Please copy every record below exactly, but leave the pictures out.
++++++
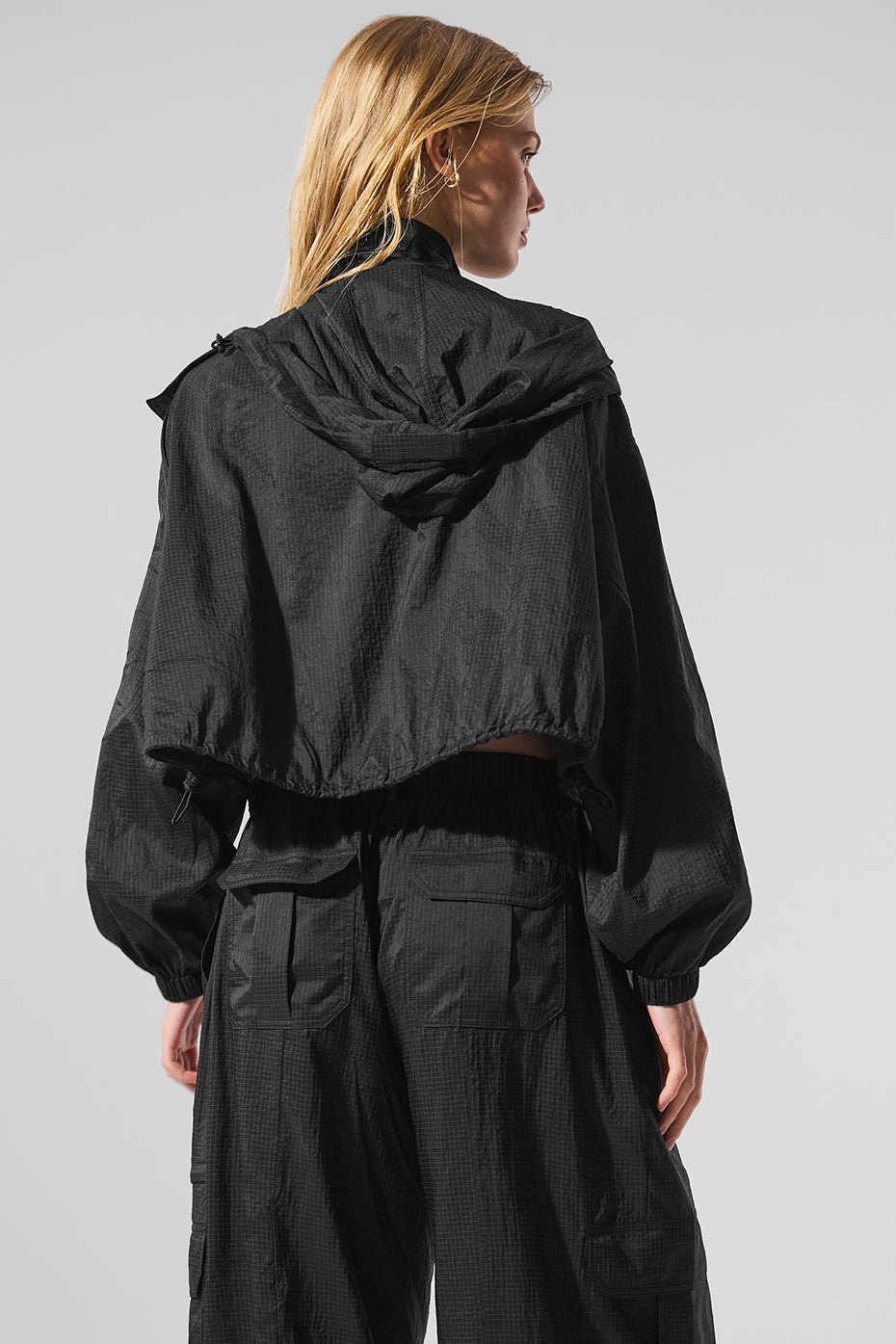 alo Cropped Game Time Full Zip Jacket - Black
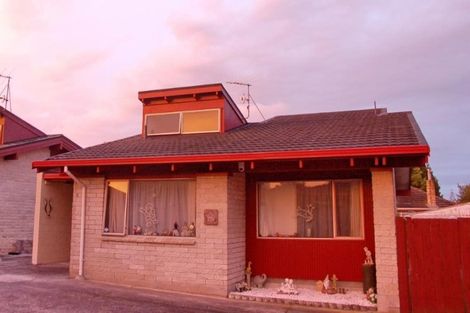 Photo of property in 8/35 Swanson Road, Henderson, Auckland, 0610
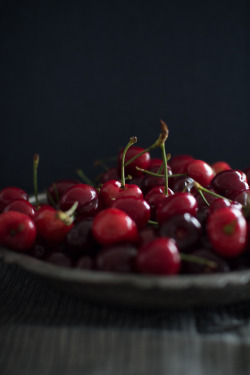 kiyoaki:  (vía Chocolate Coconut Cherry Tarts | The Flourishing Foodie) 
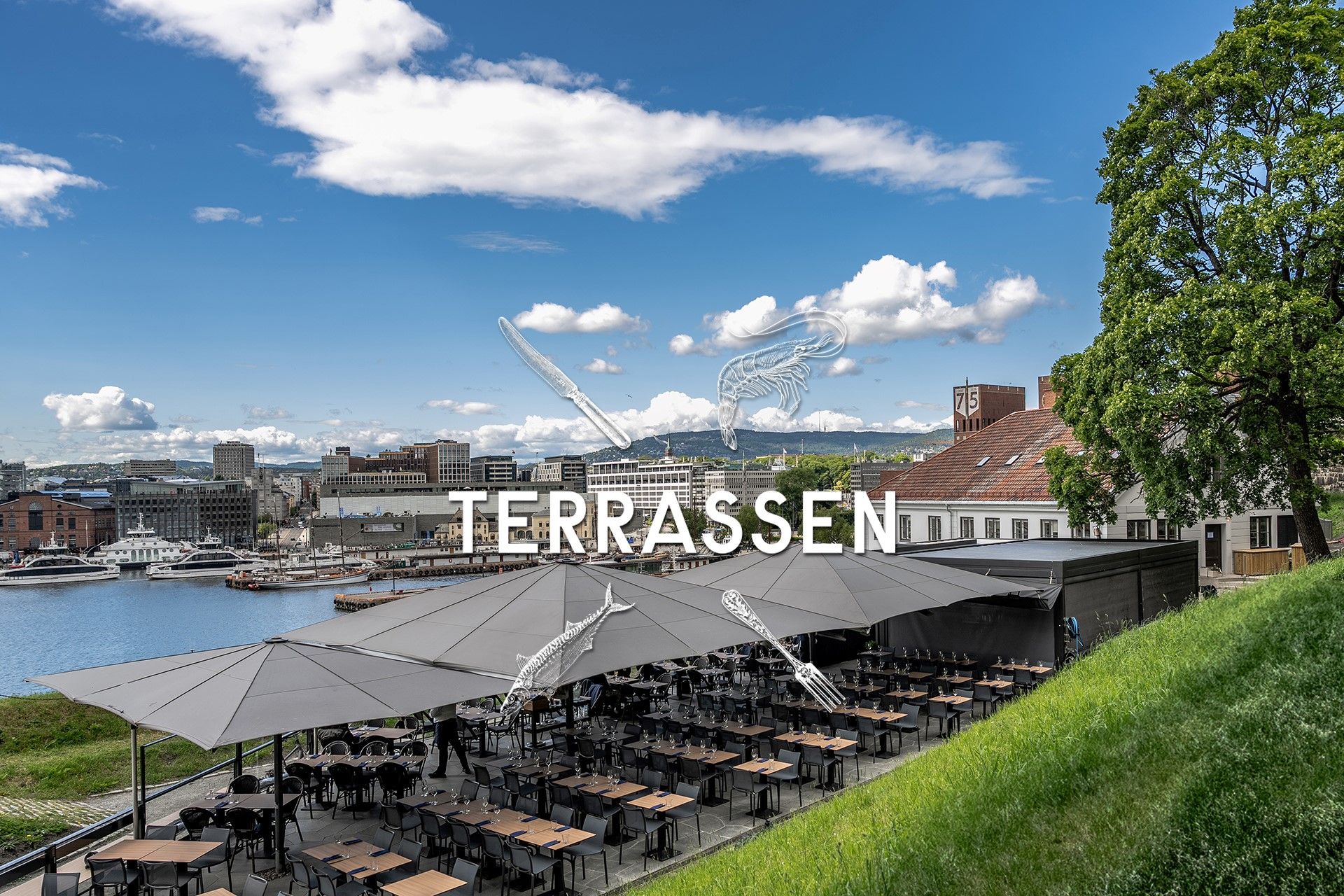 Uteservering med utsikt mot Aker Brygge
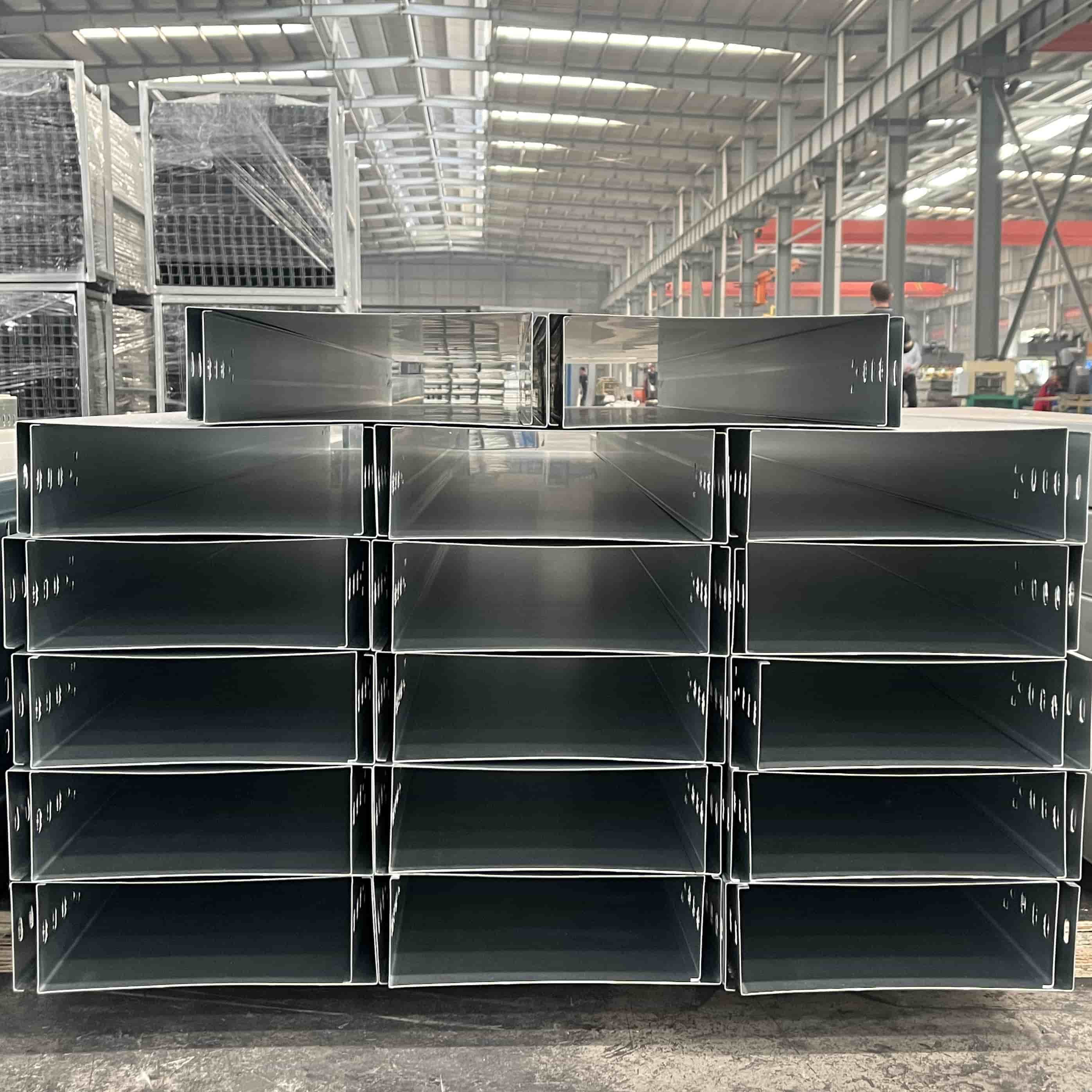 ブリッジトレイ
++++++
▶ [Result of this exercise]:
 alo Cropped Game Time Full Zip Jacket - Black
 Photo of property in 8/35 Swanson Road, Henderson, Auckland, 0610
 kiyoaki:  (vía Chocolate Coconut Cherry Tarts | The Flourishing Foodie) 
 Uteservering med utsikt mot Aker Brygge
 ブリッジトレイ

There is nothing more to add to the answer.